Brutal,
I have dealt with this issue on a personal level, as a long-time youth
basketball coach (and, to a lesser degree, as a soccer coach). I can
tell you, without question, that black kids as young as 8 or 9 years
old, both boys and girls, are favored over white kids with similar
abilities by most all white youth coaches. This is undoubtedly a
subconscious thing, one of the many byproducts of decades of intense
pro-black propaganda. I will give only 3 recent examples of this.
A few years ago, my daugther's basketball team was playing against a
team that had a stereotypical black player. She was wildly aggressive,
bumping into the other girls constantly (had fouls been fairly called
on her, even allowing for the age, she would have fouled out early in
the game), and on offense hogging the ball, taking all the shots, never
passing, etc. Curiously, she missed every one of the countless shots
she heaved up, and had she been my player, she would have counsled
severely for not talking good shots and including her teammates in the
game. Her coach never said a discouraging word to her. At one point,
she was awarded 2 foul shots. On the first, she violated the line by
jumping several inches forward over the line. She missed the shot,
anyway, but the ref kindly warned her. On the 2nd free throw, she did
the exact same thing, but made the shot. When the ref said nothing, I
yelled out to him about the violation. He ignored me, so I yelled
again. He stopped play, came over to me, and warned me to stop. When I
demanded an explanation, he said, "Look, I'm not going to take her
heart away." I submit that this ref, who was white, would not have said
those words about any non-black kid in the league. More recently, a
totally mediocre black kid who was on my son's team two years back made
his High School freshman basketball team. He made more mental errors in
that one season than all the other kids I have coached have combined
over the past ten years. In one game, he went 1 for 22 from the field,
and every shot he took was a layup. You would have had to coach this
kid to understand how absurd it is for him to have made any school
basketball team. There is no way he would have made it had he been
white. Period. Finally, the goalie on my daughter's soccer team this
season is black. She has cost us several games with her laziness and
penchant for allowing at least one horrible goal every outing. However,
she does like to make diving stops once she has given up a bad goal or
two (she never even moves on those) and we are behind.
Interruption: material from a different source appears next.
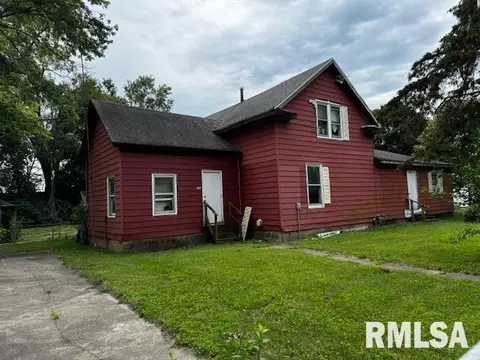 404 S Grand Ave, Chatham, IL 62629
Inexplicably, the all-star coach picked her for the tournament team. I
actually tried to talk to her about this, because she would be one of
the last girls on my team that I would nominate for all-stars, but the
coach seemed to think she was great. Wonder what the coach-who was
white-saw that was so special in her?
Anyhow, these are just a few examples, from my own first-hand
experience. I could provide many others. Considering that these occur
at the absolute bottom rung of competitive youth sports, one can only
imagine what happens further up the ladder. If you don't think coaches
favor black players, then you are really clueless.